12. The system of claim 10, wherein the plosive detector detects a
plosive where: (current_frame_pscore<0) AND (composite detection
score<20); and (the composite detection score>=9) OR
(last_frame_pscore>=3).
13. The system of claim 1, wherein the modification unit comprises
a first switch for selecting one of four modes, the modes
selectable comprise no alteration of the speech input signal;
attenuation of the speech input signal; the replacement a breath
pause with Gaussian noise; and the replacement of a breath pause
with uniform noise.
14. The system of claim 13, wherein the first switch comprises
multiple inputs and the modification unit further comprises:
multiple multipliers interconnected with the inputs; a Gaussian
noise generator interconnected with at least one of the
multipliers; a uniform noise generator interconnected with at least
one of the multipliers; and a run-time parameter buffer
interconnected with at least one of the multipliers.
15. The system of claim 13, wherein the modification unit comprises
a second switch capable of selecting Gaussian or uniform noise,
which is interconnected with the first switch via a summation
unit.
16. The system of claim 15, wherein the breath modification unit is
further configured to extend a breath pause.
17. The system of claim 1, further comprising a zero detection unit
for detecting zero-valued samples in a processed segment output
from the breath detection unit.
18. The system of claim 17, wherein the zero detection unit counts
a number of zero-valued samples and compares the number to a
predetermined threshold, where the number of zero-valued samples is
above the threshold then uniform or Gaussian noise is added to the
output speech signal.
19. The system of claim 1 wherein the system is employed in an
audio pre-processor of a system for generating closed captions from
an audio signal, the audio pre-processor being configured to
correct additional predetermined undesirable attributes from an
audio signal and to output one or more speech segments, the closed
caption system further comprising: a speech recognition module
configured to generate from the one or more speech segments, one or
more text transcripts; a post processor configured to provide at
least one pre-selected modification to the text transcripts; and an
encoder configured to broadcast the text transcripts corresponding
to the speech segments as closed captions.
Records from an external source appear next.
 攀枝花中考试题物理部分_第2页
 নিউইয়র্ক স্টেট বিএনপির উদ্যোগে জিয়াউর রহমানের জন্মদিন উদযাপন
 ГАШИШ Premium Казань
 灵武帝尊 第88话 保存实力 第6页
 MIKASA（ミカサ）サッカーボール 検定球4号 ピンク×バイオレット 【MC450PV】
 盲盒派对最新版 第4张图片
20. The closed caption system of claim 19, further comprising a
configuration manager in communication with the audio
pre-processor, the speech recognition module, and the post
processor and configured to perform at least one of dynamic system
configuration, system initialization, and system shutdown.
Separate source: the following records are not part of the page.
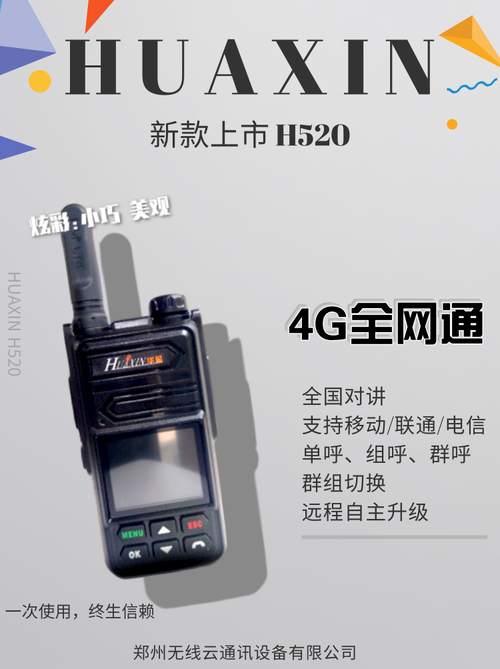 新款上市华芯h520全国对讲机4g网络通用双卡五模辐射低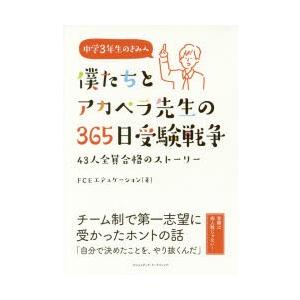 僕たちとアカペラ先生の365日受験戦争 43人全員合格のストーリー 中学3年生のきみへ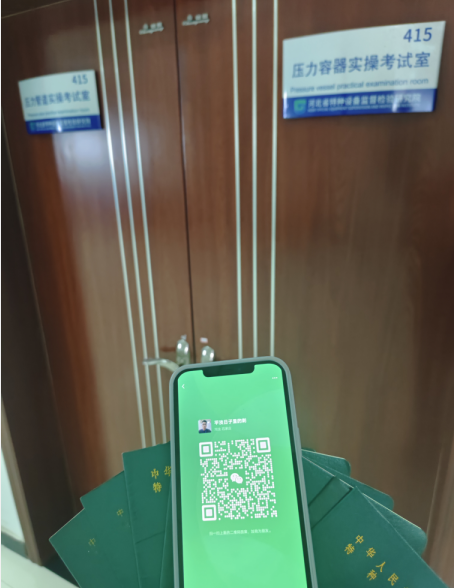 2025年壓力容器證書怎么報考？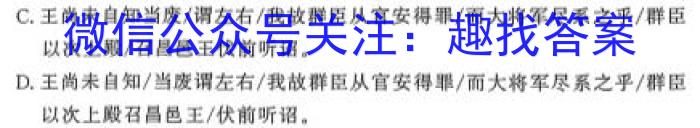 江西省2023年初中学业水平考试适应性试卷（五）语文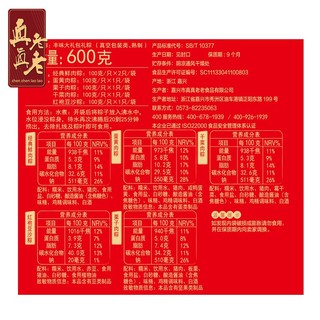 真真老老 5种经典口味粽子大礼包 600g/份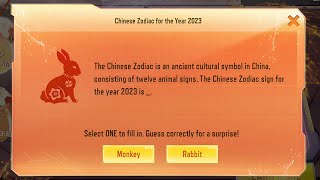 The Chinese Zodiac is an ancient cultural symbol in China consisting of twelve animal signs The Ch [upl. by Publea423]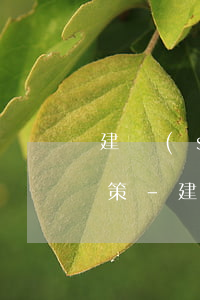 建設(shè)銀行信用卡逾期1天減免政策-建設(shè)銀行信用卡逾期1天減免政策是什么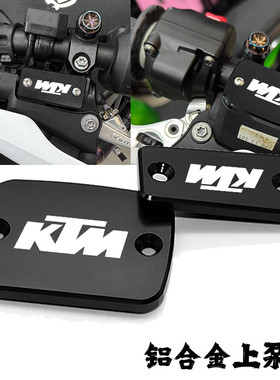 适用KTM 1050/1090 Adventure R 上泵盖前刹车制动油泵离合装饰盖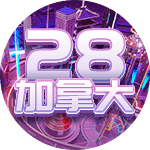 28加拿大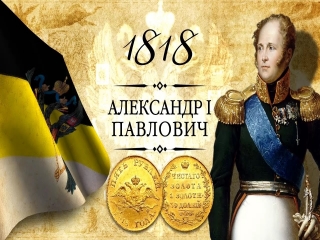 Уздеников монеты россии 1700 1917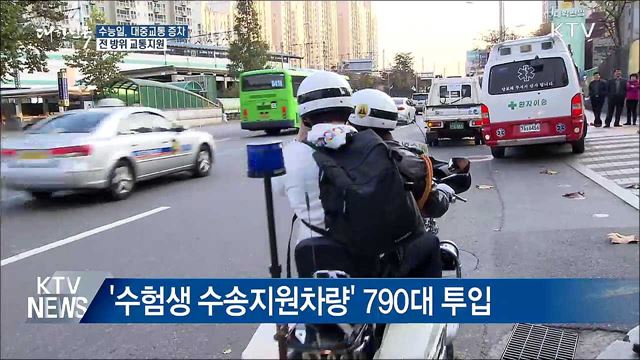 "늦지 마세요"···대중교통 증차 등 전 방위 교통지원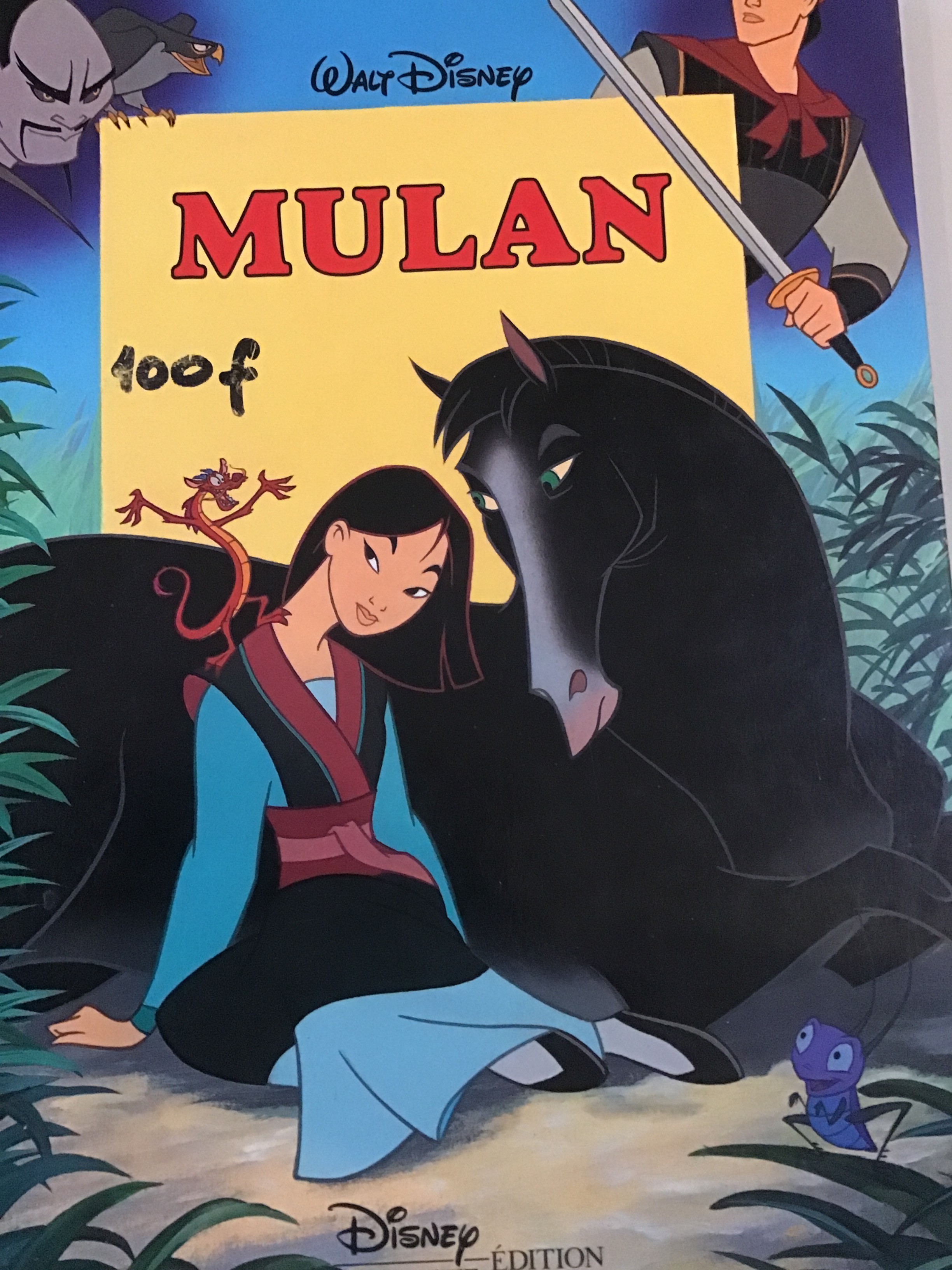 Mulan - Click to enlarge picture.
21. The closed caption system of claim 20, further comprising a
voice identification module configured to analyze acoustic features
corresponding to the speech segments to identify specific speakers
associated with the speech segments, the voice identification
module being in communication with the pre-processor and the
configuration manager and wherein the configuration manager
provides an appropriate individual speaker model for use by the
speech recognition module based on input from the voice
identification module.
22. The closed caption system of claim 19, wherein the additional
predetermined undesirable attributes corrected by the audio
pre-processor comprises at least one of voice activity detection
and crosstalk elimination.
23. The closed caption system of claim 22, wherein crosstalk
elimination comprises a filter for removing speakers other than a
speaker of interest in the audio signal.
24. The closed caption system of claim 19, wherein the at least one
pre-selected modification to the text transcripts provided by the
post processor comprises at least one of context, error correction,
vulgarity cleansing, and smoothing and interleaving of
captions.
25. The closed caption system of claim 24, wherein the smoothing
and interleaving of captions comprises sending text to the encoder
in a timely manner while ensuring that the segments of text
corresponding to each speaker are displayed in an order that
closely matches or preserves the order actually spoken by the
speakers.
Description
CROSS REFERENCE TO RELATED APPLICATION
[0001] This application is a continuation in part of U.S. patent
application Ser. No. 11/538,936 filed Oct. 5, 2005 and entitled
"System and Method for Generating Closed Captions", which, in turn,
is a continuation in part of U.S. patent application Ser. No.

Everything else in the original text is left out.